Question

The ionisation potential of mercury is 10.39 V. How far an electron must travel in an electric field of $1.5\times {{10}^{6}}V{{m}^{-1}}$ to gain sufficient energy to ionise mercury?
A. $\dfrac{10.39}{1.6\times {{10}^{-19}}}m$
B. $\dfrac{10.39}{2\times 1.6\times {{10}^{-19}}}m$
C. $10.39\times 1.6\times {{10}^{-19}}m$
D. $\dfrac{10.39}{1.5\times {{10}^{6}}}m$

Answer 1

Hint: Ionisation potential is equal to the ionisation energy divided by the charge of an electron. When the electron travels in the electric field it will accelerate and gain some energy. Use the formula for the energy gained by the electron. Equate the ionisation energy of mercury and energy gained by the electron.

Formula used:
$V=\dfrac{U}{e}$,
where $V$ is ionisation potential, $U$ is ionisation energy and $e$ is the magnitude of charge on an electron.
$W=eEd$,
where $W$ is the energy gained by an electron when it travels a distance d along an electric field E.

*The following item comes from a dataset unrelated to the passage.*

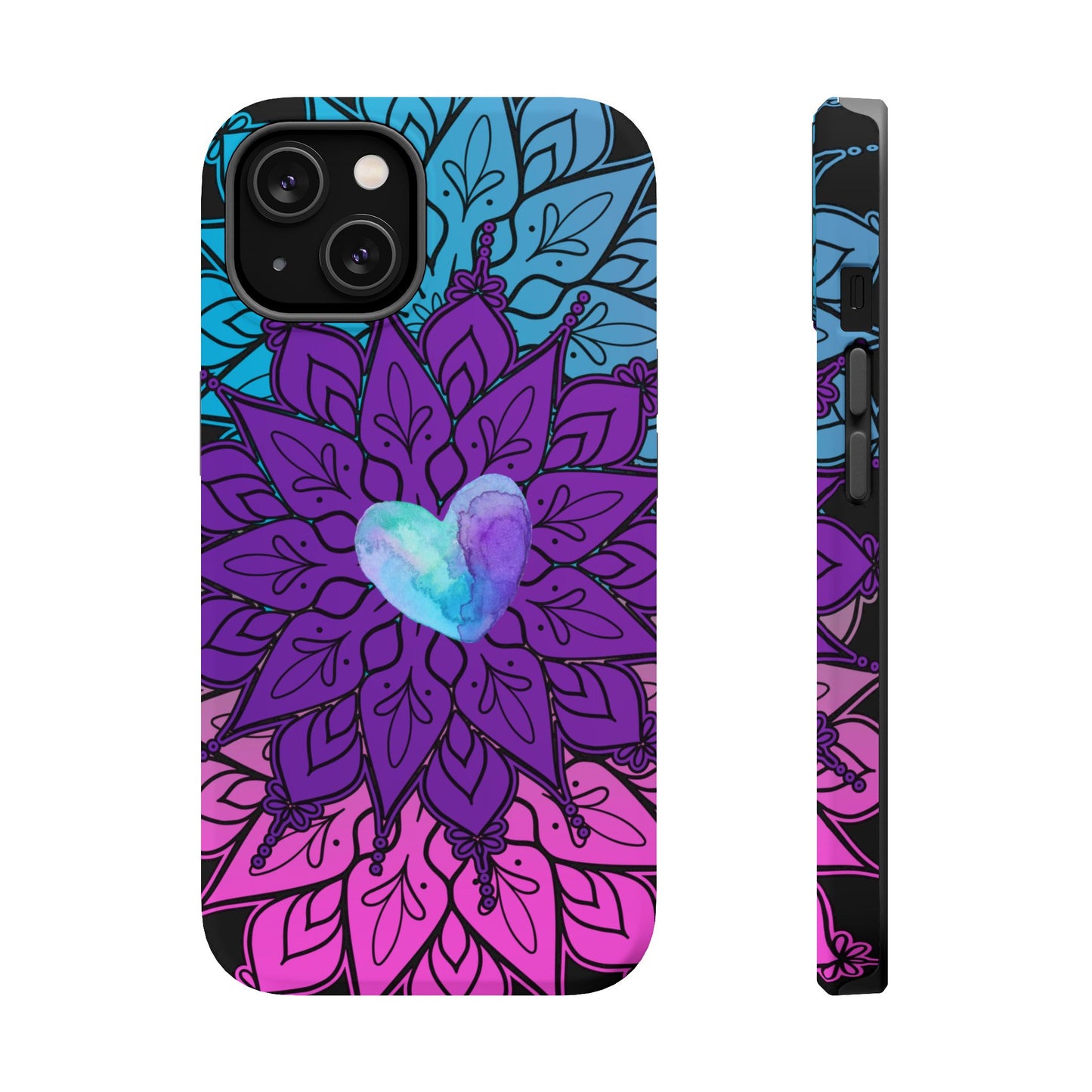 Colorful Mandala w/Heart MagSafe® Compatible Tough Case for iPhone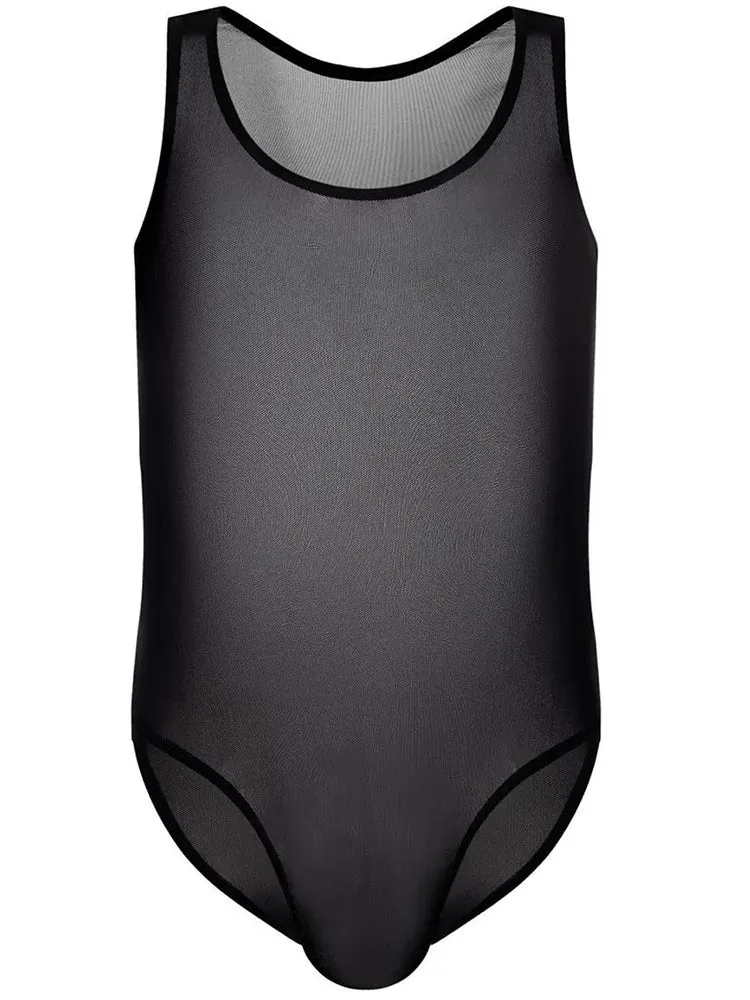 Mens Perspective Sexy Lingerie Vest Mesh Jumpsuit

Complete step by step answer:
 Ionisation potential energy of a substance is the minimum required energy required to ionise the substance. Ionisation potential is equal to the ionisation energy divided by the charge of an electron.
$V=\dfrac{U}{e}$ …. (i)
It is given that the ionisation potential of mercury is 10.39V. We are asked to calculate the distance travelled by an electron in an electric field of $1.5\times {{10}^{6}}V{{m}^{-1}}$ such that it attains the minimum energy to ionise mercury. This means that $V=10.39volts$.
And $e=1.6\times {{10}^{-19}}C$.
Substitute the values of $e$ and $V$ in (i)
$10.39=\dfrac{U}{1.6\times {{10}^{-19}}}$
$\Rightarrow U=10.39\times 1.6\times {{10}^{-19}}J$ …. (ii)
When the electron travels in the electric field it will accelerate and gain some energy. The energy gained by the electron is equal to $W=eEd$.
Here, $E=1.5\times {{10}^{6}}V{{m}^{-1}}$.
$\Rightarrow W=1.6\times {{10}^{-19}}\times 1.5\times {{10}^{6}}d$ ….. (iii)
And to ionise the mercury, the energy gained by the electron must be equal to the ionisation energy of mercury i.e, $W=U$.
Therefore, equate (ii) and (iii)
$10.39\times 1.6\times {{10}^{-19}}=1.6\times {{10}^{-19}}\times 1.5\times {{10}^{6}}d$
$\therefore d=\dfrac{10.39}{1.5\times {{10}^{6}}}$.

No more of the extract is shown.